#### Supplied information
######

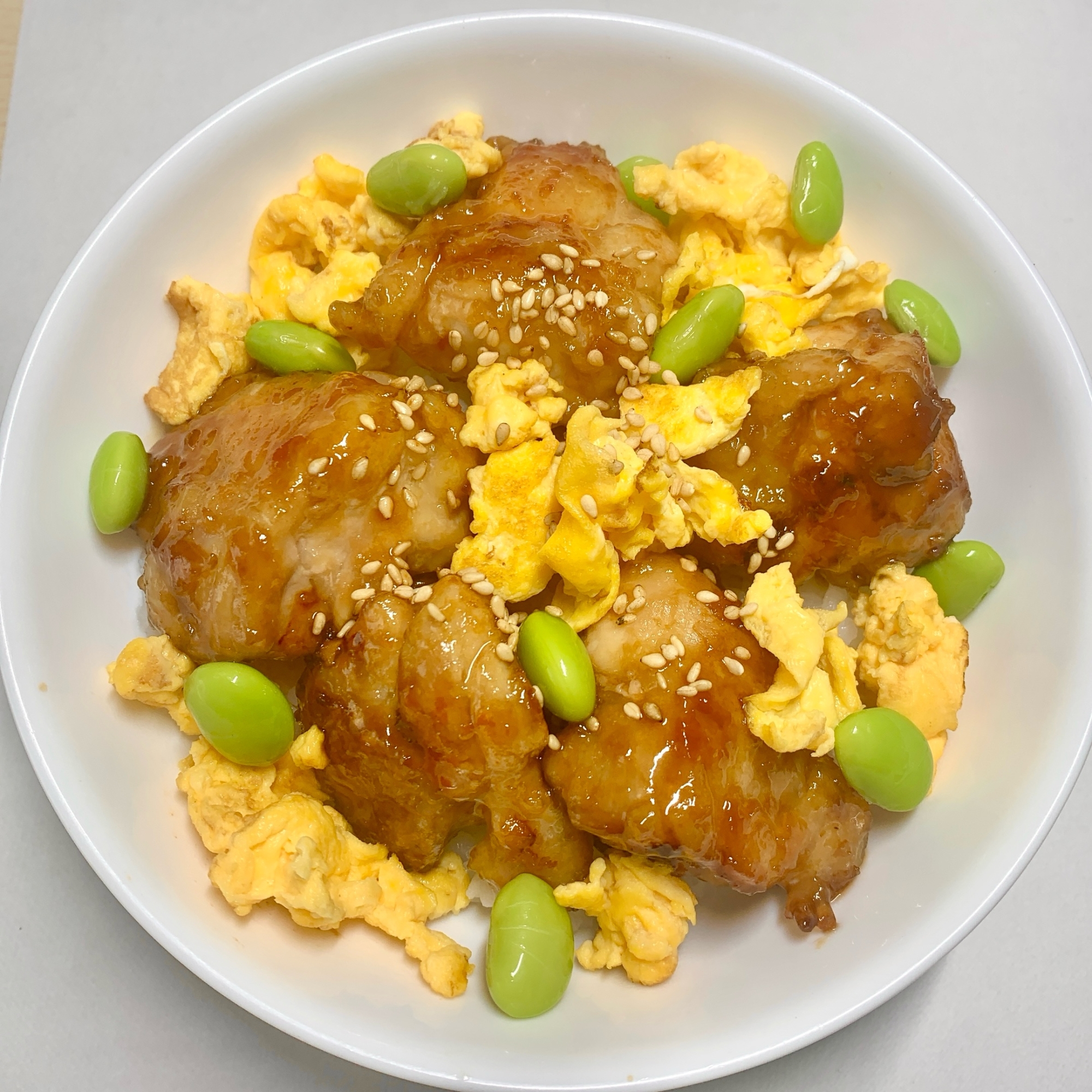 枝豆と卵と鶏肉の照り焼き丼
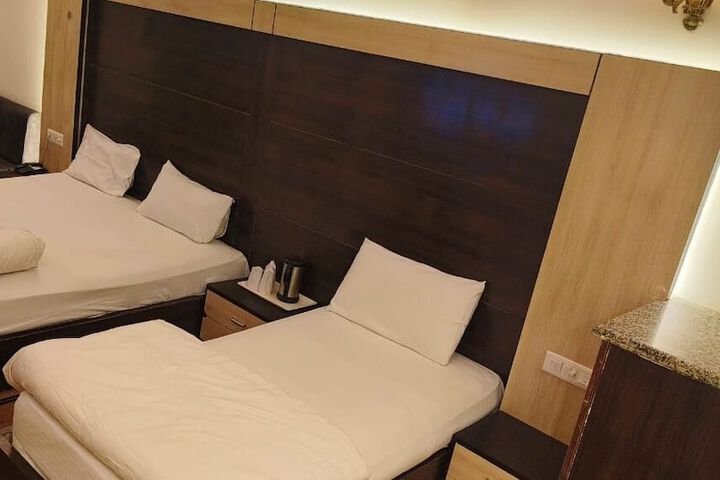 Room 3 of 27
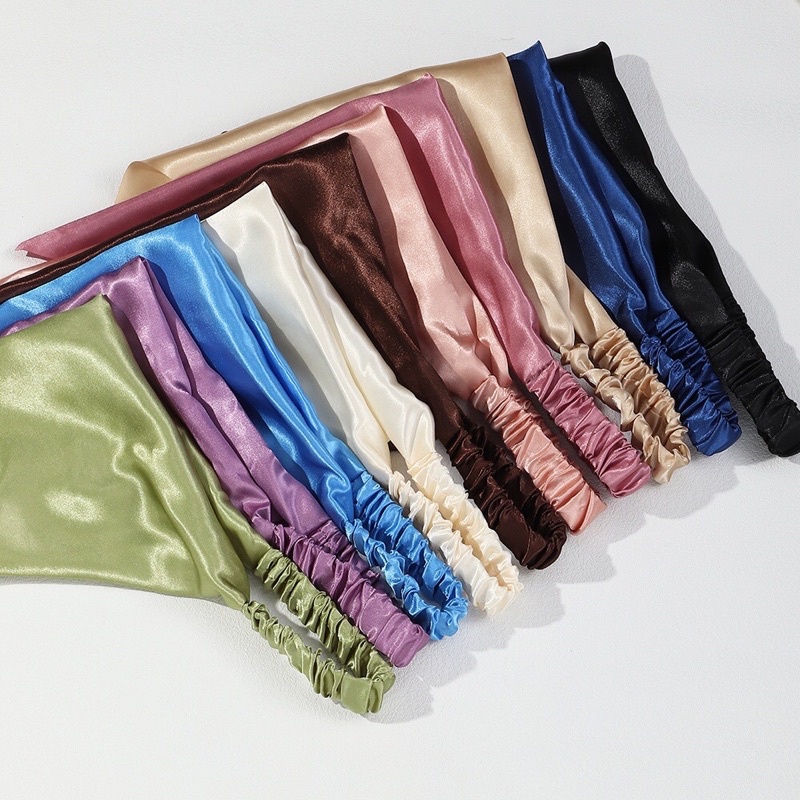 Bandana segitiga bahan satin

######

#### Exercise objective
Drop the pictures and reproduce the rest of the data exactly.

#### Reply
 枝豆と卵と鶏肉の照り焼き丼
 Room 3 of 27
 Bandana segitiga bahan satin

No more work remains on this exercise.